> **Work to be completed**
The records sit below. Return every line in them that holds the word "online".

(Stored items)
=== Section Start ===
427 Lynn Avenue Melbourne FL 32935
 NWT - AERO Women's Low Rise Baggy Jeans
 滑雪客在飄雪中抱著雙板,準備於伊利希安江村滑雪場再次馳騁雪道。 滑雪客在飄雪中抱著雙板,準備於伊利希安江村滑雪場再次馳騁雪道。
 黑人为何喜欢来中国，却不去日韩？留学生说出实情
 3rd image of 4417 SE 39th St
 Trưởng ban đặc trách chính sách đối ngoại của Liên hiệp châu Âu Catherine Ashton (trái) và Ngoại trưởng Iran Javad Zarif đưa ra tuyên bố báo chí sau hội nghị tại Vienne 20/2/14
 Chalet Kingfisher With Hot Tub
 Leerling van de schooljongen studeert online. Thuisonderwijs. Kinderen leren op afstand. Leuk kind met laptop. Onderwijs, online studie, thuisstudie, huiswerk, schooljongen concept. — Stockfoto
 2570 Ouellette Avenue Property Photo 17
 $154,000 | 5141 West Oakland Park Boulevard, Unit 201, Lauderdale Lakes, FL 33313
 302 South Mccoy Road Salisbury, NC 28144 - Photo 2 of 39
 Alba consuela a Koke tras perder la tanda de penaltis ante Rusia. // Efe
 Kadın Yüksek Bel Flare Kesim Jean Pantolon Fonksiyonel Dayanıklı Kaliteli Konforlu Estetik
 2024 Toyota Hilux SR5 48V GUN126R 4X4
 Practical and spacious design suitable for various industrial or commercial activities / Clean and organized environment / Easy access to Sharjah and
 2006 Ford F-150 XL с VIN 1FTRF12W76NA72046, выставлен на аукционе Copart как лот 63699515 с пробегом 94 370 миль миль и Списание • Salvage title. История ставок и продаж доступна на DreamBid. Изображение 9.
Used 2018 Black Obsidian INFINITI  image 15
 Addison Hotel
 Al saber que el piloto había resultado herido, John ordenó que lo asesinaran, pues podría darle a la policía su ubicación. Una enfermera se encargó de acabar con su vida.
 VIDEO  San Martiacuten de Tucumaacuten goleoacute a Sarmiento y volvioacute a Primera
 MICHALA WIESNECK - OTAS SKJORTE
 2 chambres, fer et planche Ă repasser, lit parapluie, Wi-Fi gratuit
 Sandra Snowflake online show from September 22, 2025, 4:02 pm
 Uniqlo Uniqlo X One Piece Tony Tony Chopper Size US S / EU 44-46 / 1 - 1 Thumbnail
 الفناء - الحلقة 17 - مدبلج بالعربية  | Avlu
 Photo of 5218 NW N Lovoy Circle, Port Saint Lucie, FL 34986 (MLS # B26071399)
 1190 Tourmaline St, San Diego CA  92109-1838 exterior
=== Section End ===
> **Expected answer**
 Leerling van de schooljongen studeert online. Thuisonderwijs. Kinderen leren op afstand. Leuk kind met laptop. Onderwijs, online studie, thuisstudie, huiswerk, schooljongen concept. — Stockfoto
 Sandra Snowflake online show from September 22, 2025, 4:02 pm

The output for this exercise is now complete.